YOUR ASSIGNMENT
The result should be the full listing copied exactly, with no pictures in it.

"""

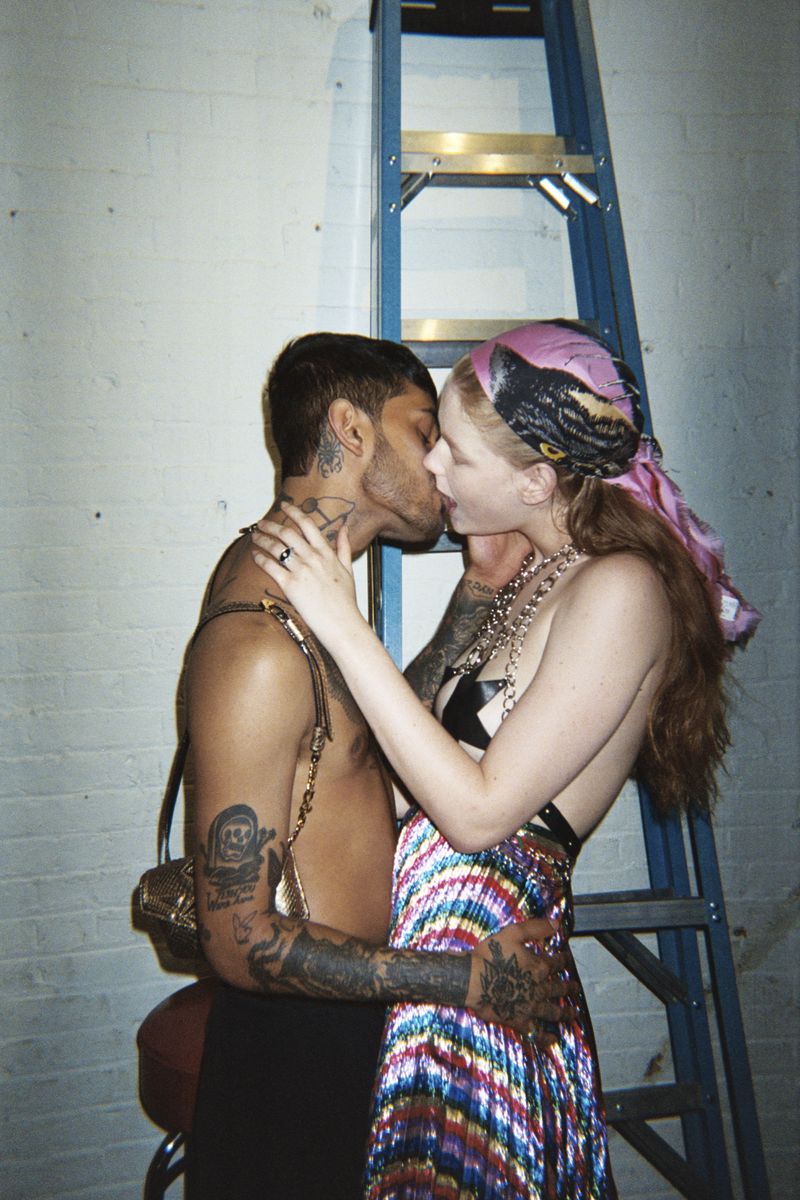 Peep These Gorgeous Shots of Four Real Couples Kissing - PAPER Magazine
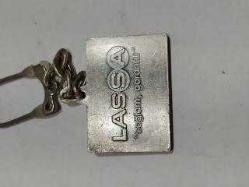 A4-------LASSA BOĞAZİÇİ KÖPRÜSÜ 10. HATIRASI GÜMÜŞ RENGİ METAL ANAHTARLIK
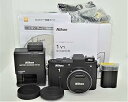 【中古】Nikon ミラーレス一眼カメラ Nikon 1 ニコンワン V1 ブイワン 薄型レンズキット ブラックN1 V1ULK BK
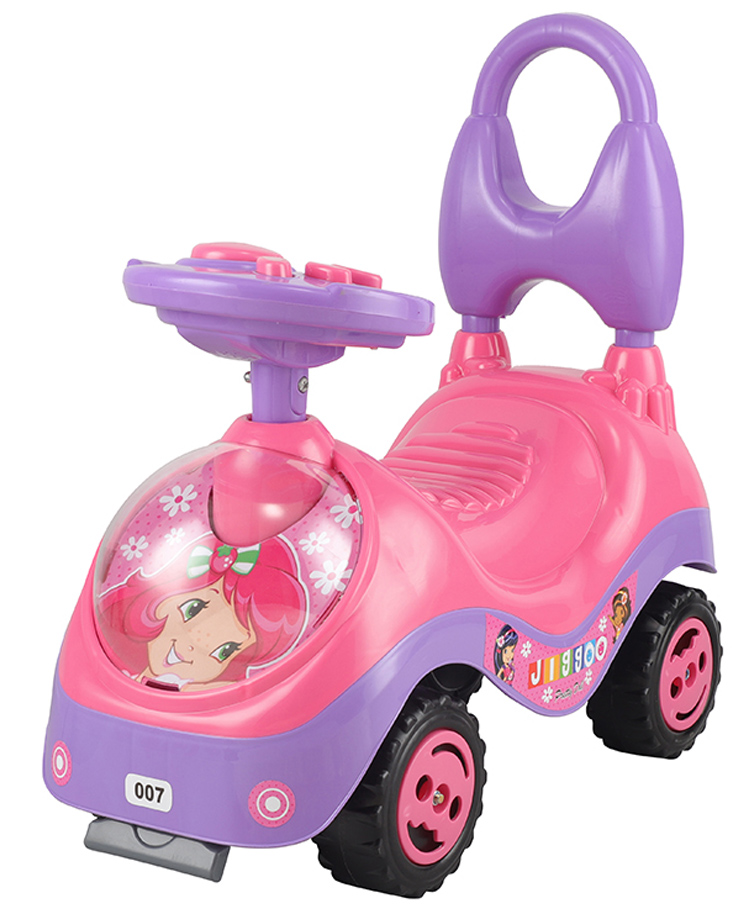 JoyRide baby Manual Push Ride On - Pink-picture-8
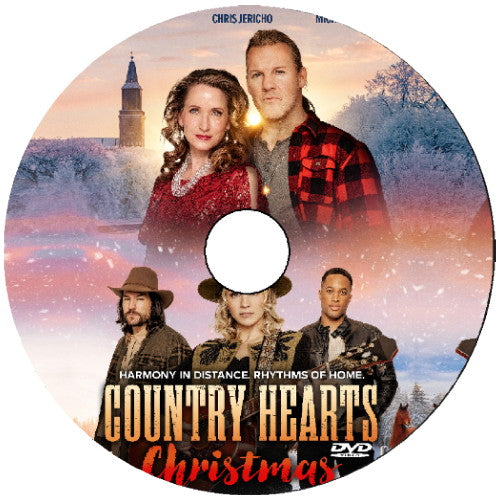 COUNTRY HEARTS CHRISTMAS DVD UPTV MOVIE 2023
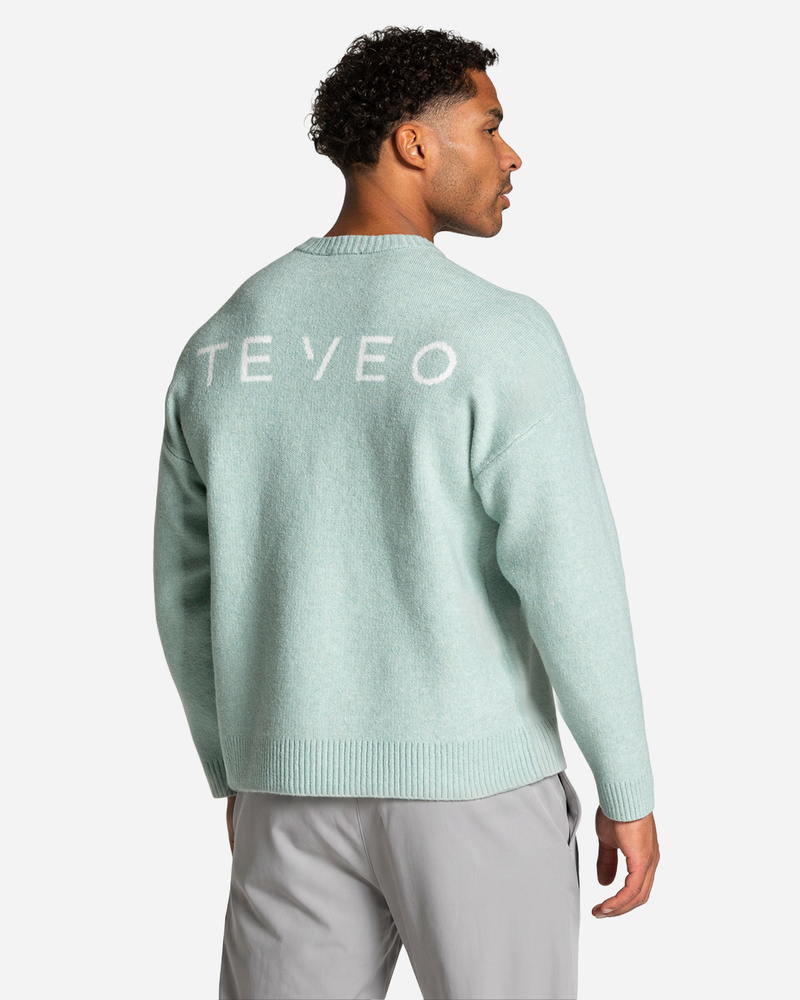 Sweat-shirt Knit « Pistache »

"""

TASK ANSWER
 Peep These Gorgeous Shots of Four Real Couples Kissing - PAPER Magazine
 A4-------LASSA BOĞAZİÇİ KÖPRÜSÜ 10. HATIRASI GÜMÜŞ RENGİ METAL ANAHTARLIK
 【中古】Nikon ミラーレス一眼カメラ Nikon 1 ニコンワン V1 ブイワン 薄型レンズキット ブラックN1 V1ULK BK
 JoyRide baby Manual Push Ride On - Pink-picture-8
 COUNTRY HEARTS CHRISTMAS DVD UPTV MOVIE 2023
 Sweat-shirt Knit « Pistache »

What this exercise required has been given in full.